::: Information provided :::

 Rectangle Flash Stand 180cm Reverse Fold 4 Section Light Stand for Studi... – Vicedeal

:::
::: Information provided :::

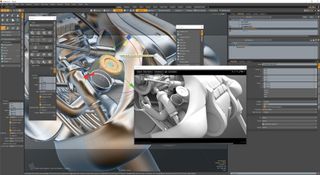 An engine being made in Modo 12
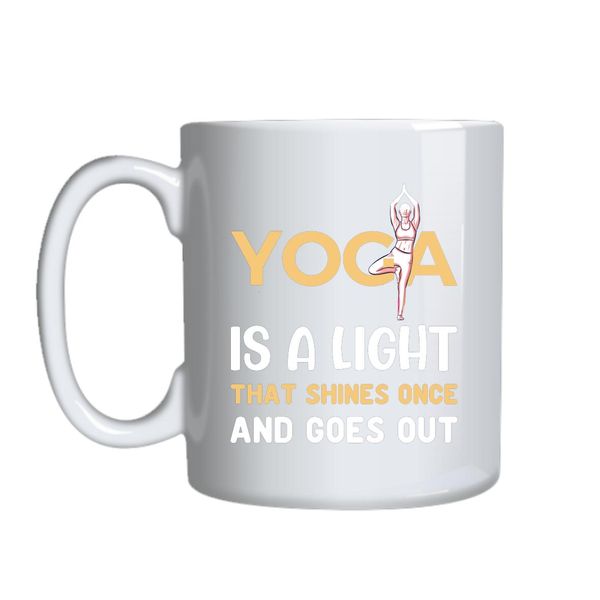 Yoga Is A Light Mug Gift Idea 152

:::
::: Information provided :::

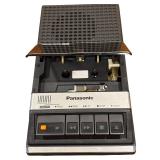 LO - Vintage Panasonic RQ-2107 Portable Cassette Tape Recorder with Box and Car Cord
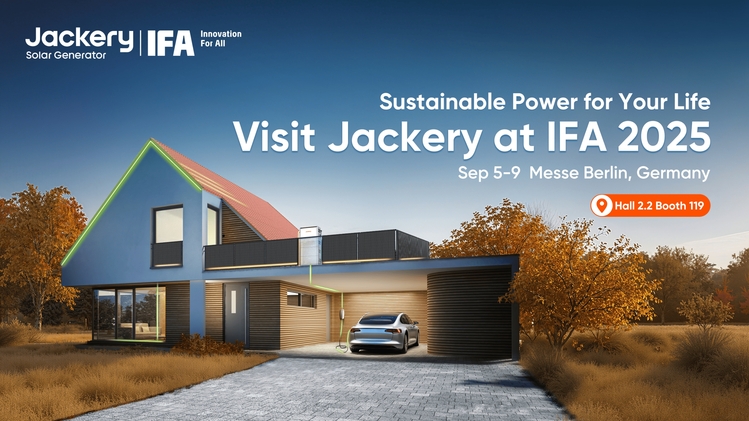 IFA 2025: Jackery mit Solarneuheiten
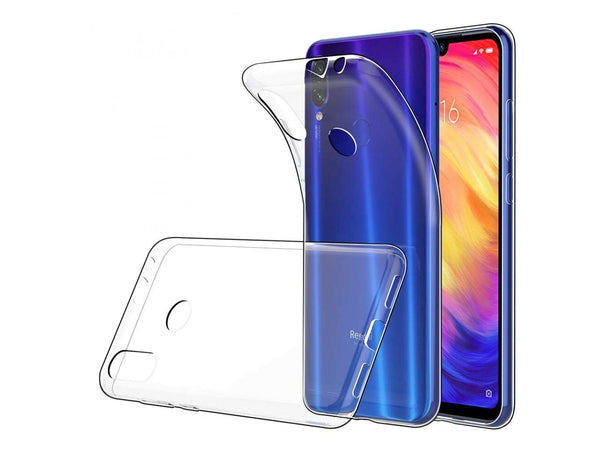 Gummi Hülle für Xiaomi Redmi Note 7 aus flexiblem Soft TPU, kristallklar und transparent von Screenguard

:::

**Instructions to follow**
Since the pictures are not part of the copy, please transcribe only the lines above from the one with "IFA 2025: Jackery mit Solarneuheiten" through the one with "Gummi Hülle für", exactly and with both ends.

**Solution to this problem**
 IFA 2025: Jackery mit Solarneuheiten
 Gummi Hülle für Xiaomi Redmi Note 7 aus flexiblem Soft TPU, kristallklar und transparent von Screenguard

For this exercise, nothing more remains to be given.